Nathan’s choice to focus on the career of Vivian Thomas was a natural given that he was born with a congenital heart defect and underwent several surgeries as an infant. The recognition he received for this video encouraged him to compete in following year with documentaries about the life of Rabbi Jacob Rothschild who was the rabbi of the Atlanta Temple when it was bombed in 1958, and the business and military careers of General Lucius D. Clay and the war correspondence of Ernie Pyle.
Inspired by his older brother’s successes in the National History Day competitions, Daniel tried his own hand at a documentary, this one focused on the life of Walter White, an African-American civil rights activist, who was light-skinned, had blonde hair and blue eyes and who decided to be an African-American activist instead of passing into white society by leading the National Association for the Advancement of Colored People from 1931-55.

Motivated by his videos on World War I and civil rights topics, Daniel has completed several others including an overview of the Harlem Globetrotters and most recently: “A Terrible Beauty Exploded: The Triumph and the Tragedy of the Space Challenger.”
The Challenger video traces the reason for the explosion — the failure of the O-ring seals used in the joint on the solid rocket motor, which Daniel cited as “a $900 O-ring that brought down a $1 billion spacecraft.”
He has even tried acting in a light hearted video review of the book, “Where the Red Fern Grows.”
Allison Wright told Global Atlanta that she and her husband, Jason, provided only minimal assistance in the production of these videos, which have become a genuine family affair with three of her four sons now involved.
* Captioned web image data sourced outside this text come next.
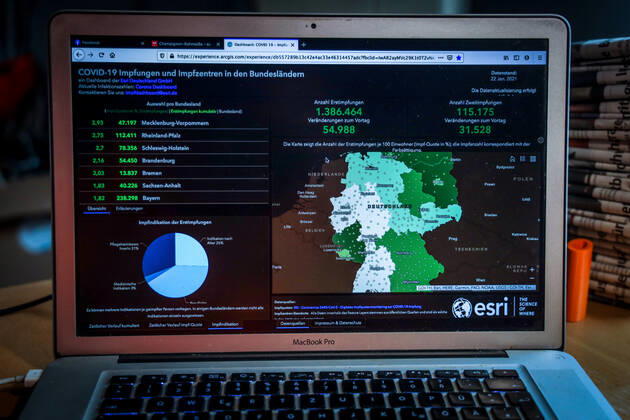 Coronavirus in Germany COVID 19 Vaccinations Dashboard 22 01 2021 Esri Deutschland GmbH based on the Digital Vaccination Rate Monitoring for COVID 19 Vaccination of the RKI Number of first vaccinations 1 386 464 Changes from the previous day 54 988 Number of second vaccinations 115 175 Changes from the previous day 31 528 Data as of 22 01 2021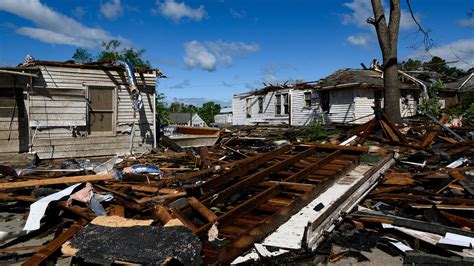 South Carolina tornado damage adds to coronavirus quarantine stress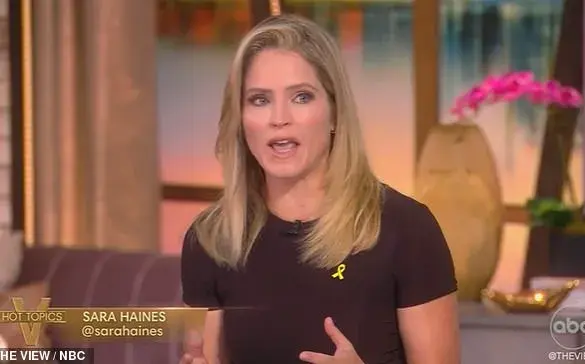 Viral Footage Sparks Firestorm: Astronomer Executives' Concert Embrace Ignites Workplace Ethics Debate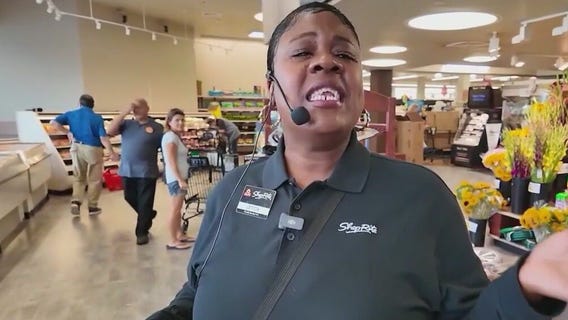 You Gotta See This: ShopRite employee goes viral
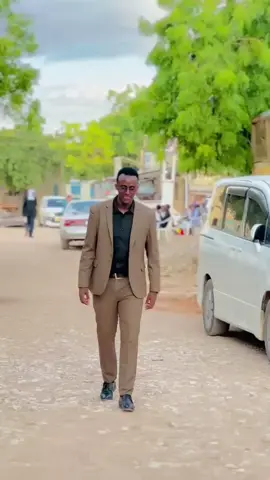 #somalitiktok #viral_video  am Legend abo  @APDiZaMeT iZmAiL @Z A M E I R  N A Z R I G A @J🔰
The eldest Caleb is a senior at the University of Georgia and is following in his father’s footsteps in business as a risk management, insurance major at the Terry College of Business.
A devoted teacher, Mrs. Wright acknowledges that she recognized her love of learning and desire to become a teacher even as a child. The family’s decision to pursue home schooling was not a reaction against any public school system and considers public school teachers as “heroes” pursuing a noble profession.
The home-schooling decision came about mostly as a matter of personal preference and a desire to share her love of learning with her own children, she added. But she credited her sons’ immersion into creating videos as their own motivation, which she encouraged due to the educational value involved in exposure to historical topics, research, analysis and development of production skills.
The link to Samuel’s video about the CDC can’t be published until the statewide and national competitions are completed.